Так вот, читатель, последние две страницы были нектаром, только что собранным с цветов, но, питаясь одними деликатесами, не проживешь, поэтому вкусите и желчи – всего одну каплю, для разнообразия.
К себе я вернулся поздно и, позабыв о таких приземленных потребностях, как еда и питье, лег спать голодным. Весь день я провел в делах и в возбуждении, во рту у меня ни крошки не было с восьми утра, вдобавок вот уже две недели я не знал ни телесного, ни душевного покоя; последние несколько часов прошли для меня в сладком угаре, избавиться от которого никак не удавалось: было уже далеко за полночь, когда тревожное исступление наконец сменилось необходимым мне покоем. Я наконец задремал, но ненадолго, было еще совсем темно, когда я проснулся – словно у Иова, когда дух прошел над ним, у меня «дыбом стали волосы…» [122]. Я мог бы продолжить сравнение: несмотря на то что я ничего не видел, «ко мне тайно принеслось слово, и ухо мое приняло нечто от него… тихое веяние, – и я слышу голос» [123], сказавший: «В середине жизни нас постигает смерть».
Эти звуки и ощущение леденящей тоски, сопровождающее их, многие сочли бы сверхъестественными, но сразу я распознал в них ответную реакцию. Человек постоянно несет на себе бремя смертности, моя смертная природа в эту минуту слабела и сетовала, мои натянутые нервы издали фальшивый звук, так как душа, рвущаяся к цели, переутомила сравнительно немощное тело. «Напали на меня ужас и мрак великий» [124], я ощутил, как в мою спальню вторглось то, что я уже когда-то знал, но думал, что расстался с ним навсегда. Я на время стал добычей ипохондрии.
Я водил с ней знакомство – однажды в моей юности она даже загостилась у меня; целый год я предоставлял ей постель и стол и держал это в тайне; она спала и ела со мной, выходила со мной пройтись, показывала мне укромные уголки в лесу и лощины среди холмов, где мы могли посидеть вдвоем, где она набрасывала на меня покров уныния, заслоняющий небо и солнце, траву и зеленые деревья, привлекала меня к мертвенно-холодной груди и удерживала в костлявых объятиях. Сколько сказок она рассказала мне в эти часы! Сколько песен спела мне на ухо! Как расписывала свои владения, могилы, вновь и вновь обещая вскоре забрать меня туда, как подводила к самому берегу черной мрачной реки и показывала на другом берегу могильные холмы, надгробия и памятники, источающие свет тусклее лунного. «Город мертвых! – шептала она, указывая на бледные надгробия, и добавляла: – Там найдется дом и для тебя».
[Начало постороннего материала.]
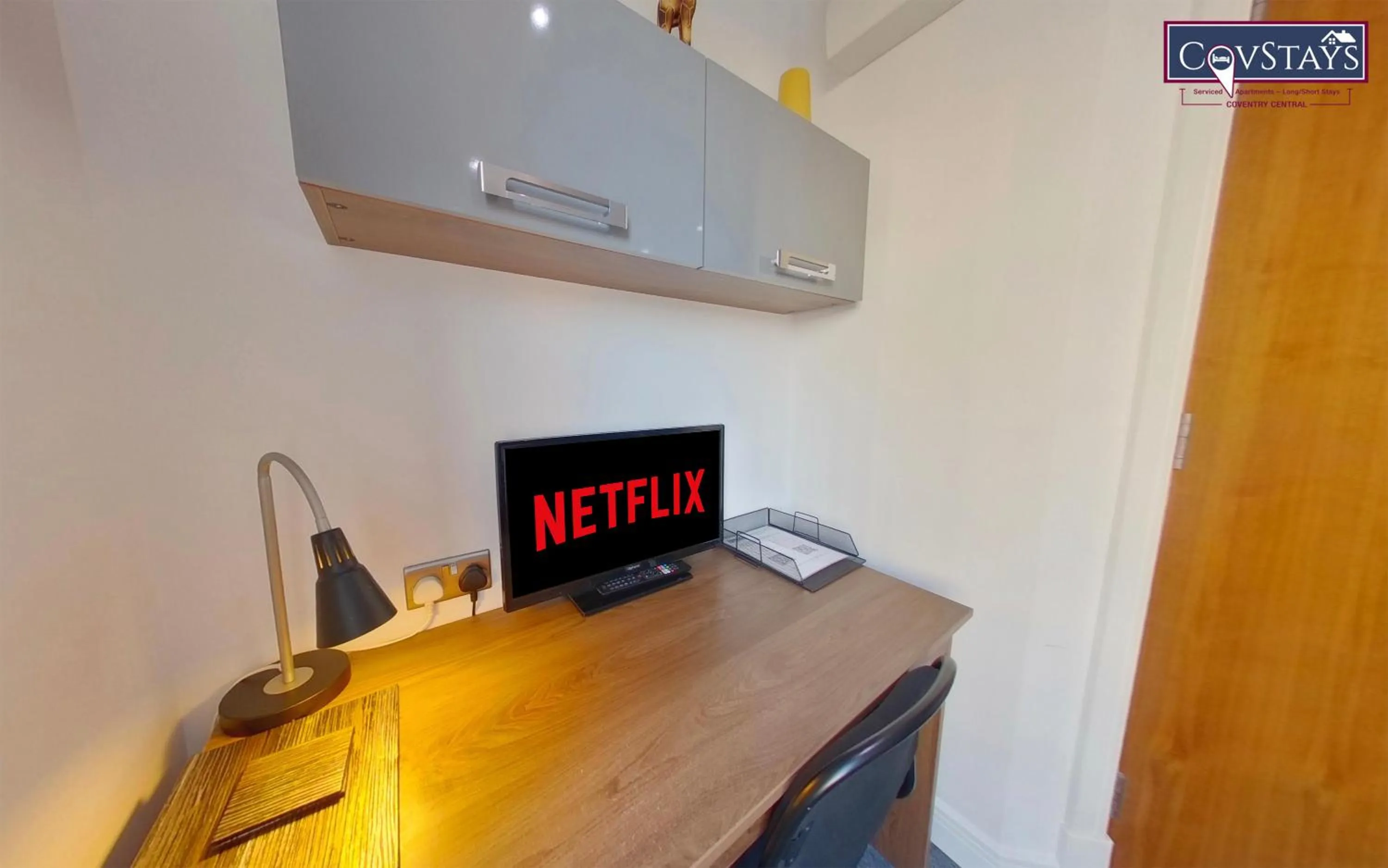 Victoria House - Deluxe Studios in Coventry City Centre, free parking, by COVSTAYS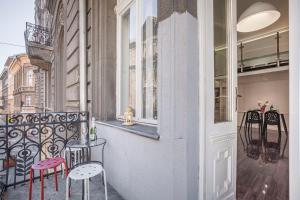 Luxury Art Deco Flat Big Balcony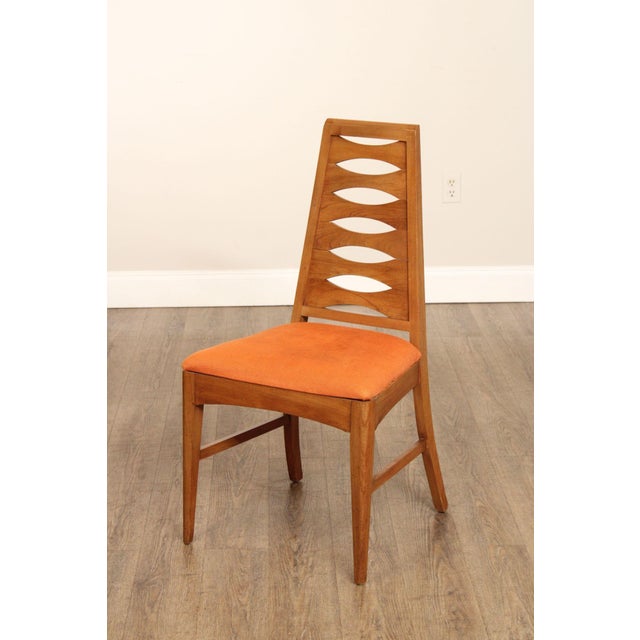 Young Manufacturing Mid Century Modern Walnut Dining Side Chair For Sale - Image 9 of 12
Я рос одиноким сиротой, без живительного общения с братьями или сестрами, так что неудивительно, что еще в юности эта колдунья нашла меня во время моих смутных мысленных блужданий, в лабиринте чувств, для которых не находилось предмета, возвышенных стремлений и удручающих перспектив, острых желаний и слабых надежд, издалека посветила мне призрачным фонарем и поманила в свой склеп ужасов. Неудивительно, что в ту пору ее чары имели власть, но теперь, когда мой путь стал шире, перспективы – отчетливее, когда я наконец нашел предмет своих чувств, когда желания сложили отяжелевшие от долгого полета крылья, принесли меня к самому осуществлению цели и угнездились в тепле, наслаждаясь прикосновением ласковой руки, – теперь-то зачем ко мне вернулась ипохондрия?
Я отверг ее, как отверг бы любой опостылевшую, безобразную наложницу, явившуюся, чтобы отвратить сердце супруга от молодой невесты, но тщетно: она продолжала являться ко мне и в ту ночь, и на следующий день, и еще восемь дней подряд. Только по прошествии этого времени я начал постепенно приходить в себя; вернулся аппетит, и через две недели я почувствовал себя здоровым. Как всегда, я справлялся с недугом в одиночку и никому не рассказывал о нем; к моей радости, «дух злой отступал» [125], я избавился от страшной тирании своего демона и вновь смог навестить Френсис и побыть с ней рядом.
Однажды в ноябре, в славное морозное воскресенье, мы с Френсис устроили себе долгую прогулку, обошли городские бульвары, а когда Френсис устала, присели на одну из скамей, расставленных под деревьями для удобства уставших пешеходов. Френсис рассказывала мне о Швейцарии, воспоминания воодушевили ее; я думал, что ее взгляд так же красноречив, как язык, когда она вдруг осеклась и заметила:
– Месье, этот джентльмен вас знает.
Я вскинул голову: мимо как раз проходили трое модно одетых мужчин – англичане, как я определил по манерам, походке и чертам лица; в самом рослом из них я сразу же узнал мистера Хансдена, который приподнял шляпу, кланяясь Френсис, потом состроил гримасу мне и двинулся дальше.